1. Match a specific QName foo, xyz:bar, etc.
2. Match any name *
3. Match any name in a specific namespace xyz:*
4. Match a specific local name, regardless of namespace *:foo

In XPath 1.0 (pre-XQuery), only the first three kinds were supported. If you wanted to select a <foo> element regardless of its namespace, you'd have to write something like this:

*[local-name(.) = 'foo']

One rationale behind this perhaps obvious omission was that such a language feature might encourage some bad practices. The idea of a namespace is that it identifies a distinct set of names. Local names in different namespaces shouldn't necessarily be related to each other (<head> means one thing in HTML and quite another in, say, AnatomyML). Of course, that still didn't prevent people from using namespaces for things like versioning, where each new version of a vocabulary gets a new namespace URI.

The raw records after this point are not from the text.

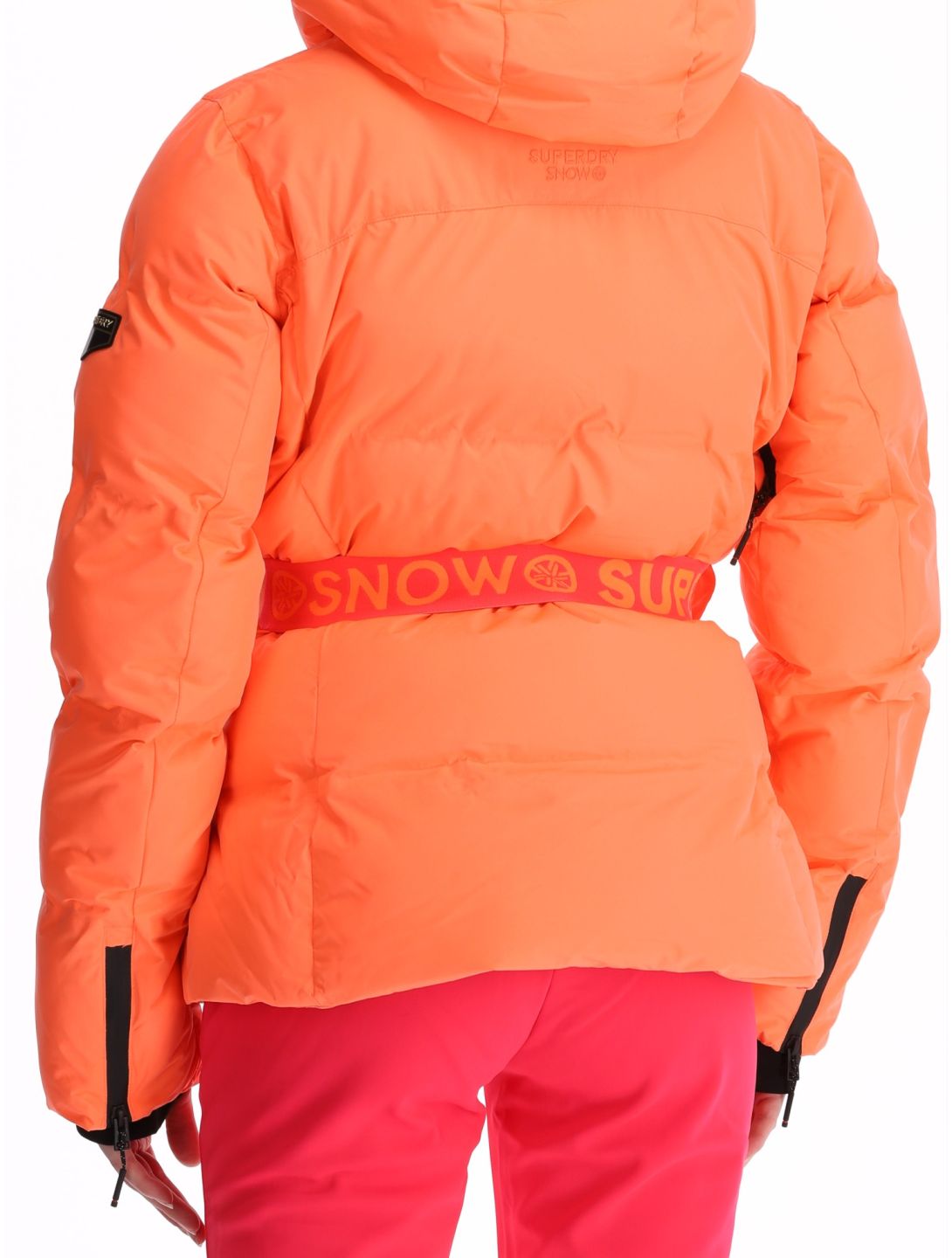 Superdry, Ski Luxe Puffer AA Jas gevoerd dames Pastelline Coral Roze 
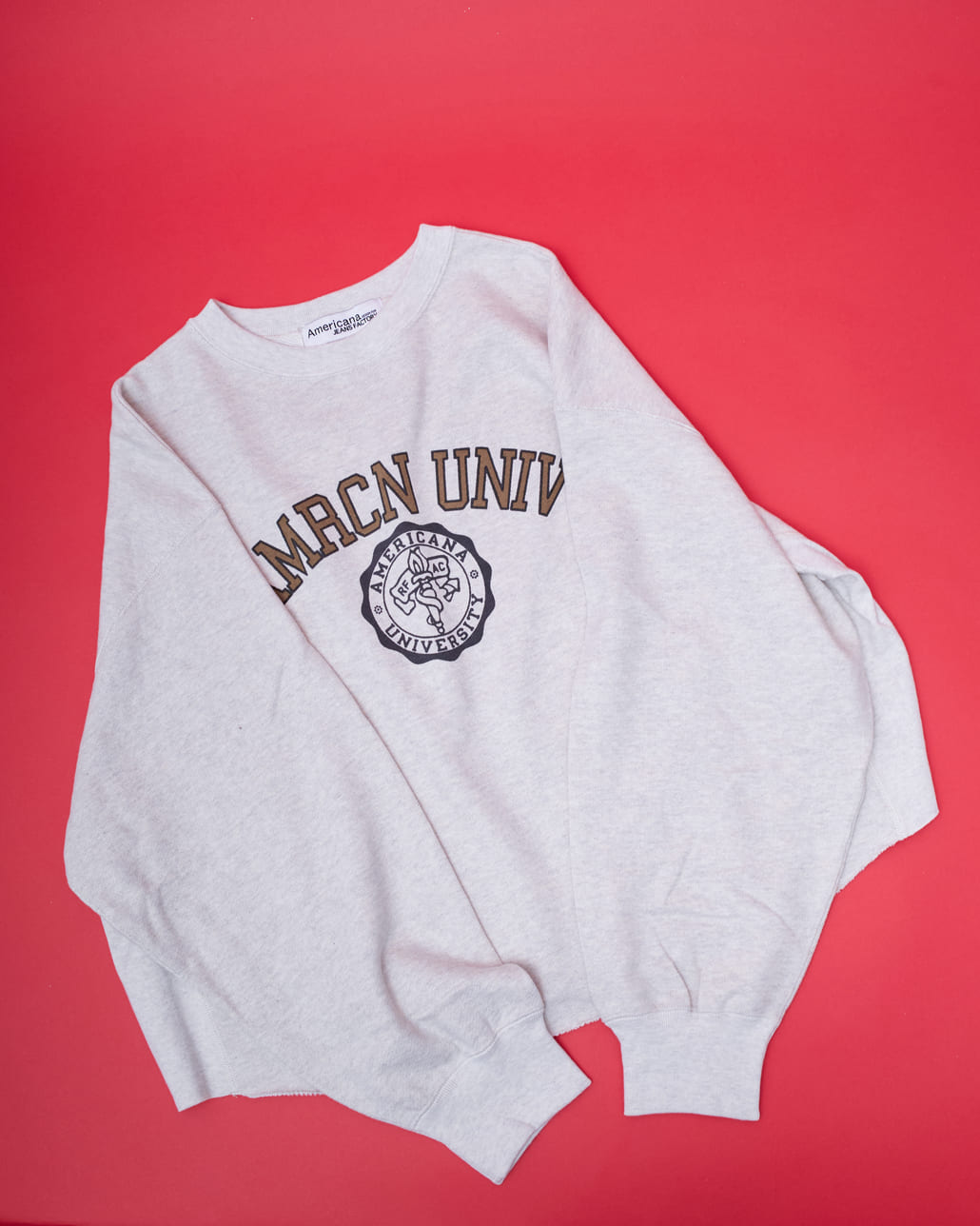 Americana × JEANS FACTORY [アメリカーナ × ジーンズファクトリー] 別注 カレッジプリント カットオフスウェット [BRF-736A-1-JF]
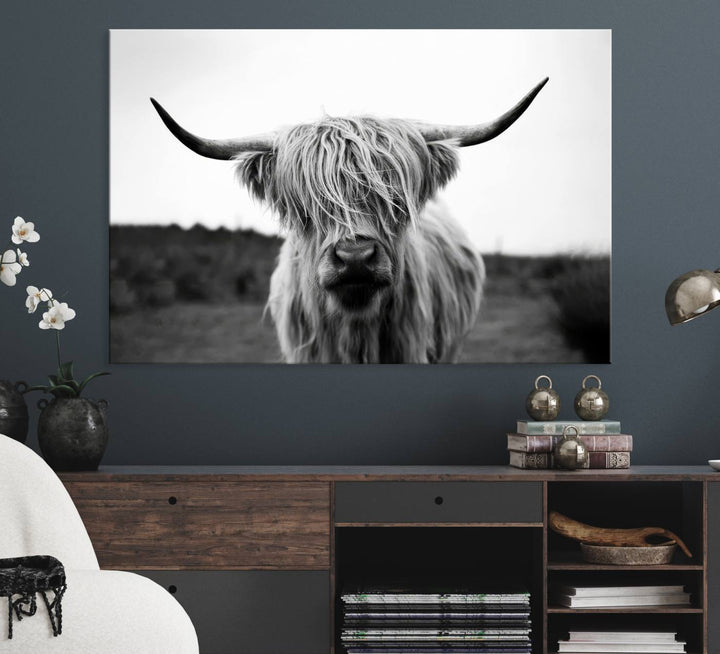 Highland Cow Wall Art: A black and white triptych canvas print, ideal for enhancing farmhouse or rustic barn decor.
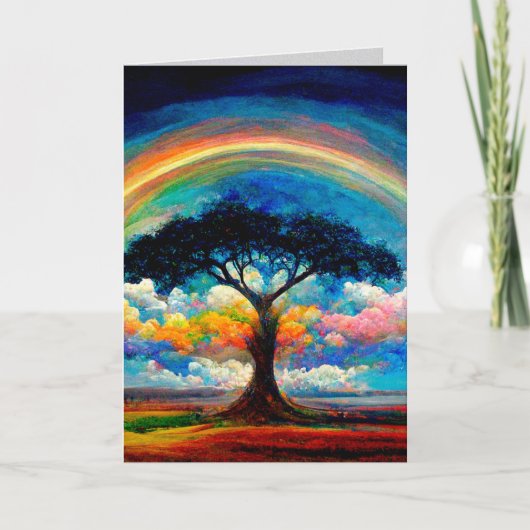 Tree of Life Rainbow Happiness Greeting/Note Card カード (正面)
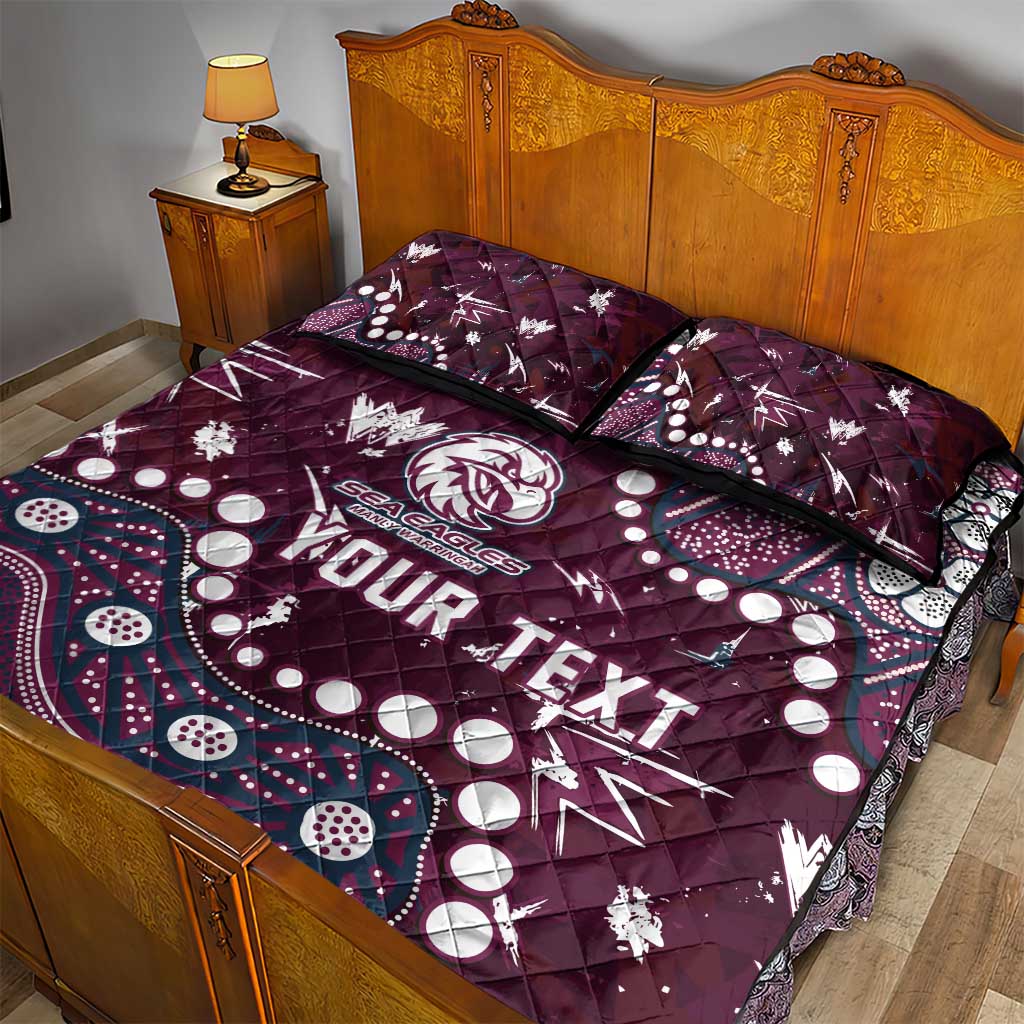 Personalized Manly Warringah Sea Eagles Quilt Bed Set Aboriginal Pattern with Graffiti Style Design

In any case, local name tests (or "namespace wildcards") were added to XPath 2.0 (and thus XQuery):

collection()//*:foo

The above query selects all elements with local name "foo", regardless of namespace. Even if you know these elements are in just one namespace, it can be a convenient shortcut. It saves you from having to write out the namespace declaration:

declare namespace xyz="http://example.com";
collection()//xyz:foo

But there are two problems with using namespace wildcards like *:foo. One is that the intentions are unclear. Did you really mean that? Are there really elements named <foo> in more than one namespace? Or were you just being lazy? The other problem is a performance one. MarkLogic indexes elements by QName, not by local name. That means namespace wildcards won't utilize the index and will require a lot of filtering. We can prove this by using our friend xdmp:plan() (or its cousin xdmp:query-trace()):

xdmp:plan(
  collection()//*:foo
)

The output shows how many "fragments" (equivalent to documents, unless you've enabled fragmenting) will have to be read in order to resolve this query. Normally, MarkLogic uses its Universal Index to minimize the number of document reads it has to make. In this case, we can see from the output that the "*:foo" step ("Step 2" below) is problematic:

<qry:info-trace>Analyzing path: fn:collection()/descendant::*:foo</qry:info-trace>
<qry:info-trace>Step 1 is searchable: fn:collection()</qry:info-trace>
<qry:info-trace>Step 2 does not use indexes: descendant::*:foo</qry:info-trace>

Looking further down the output, we see the number of fragments that would have to be opened for the filtering stage:

<qry:info-trace>Selected 14944 fragments</qry:info-trace>
<qry:result estimate="14944"/>

This is not the number of documents that have a <foo> element. This is the total number of documents in my database. So obviously, this query is going to run very slowly, because it's forcing all of those fragments to be read from the disk.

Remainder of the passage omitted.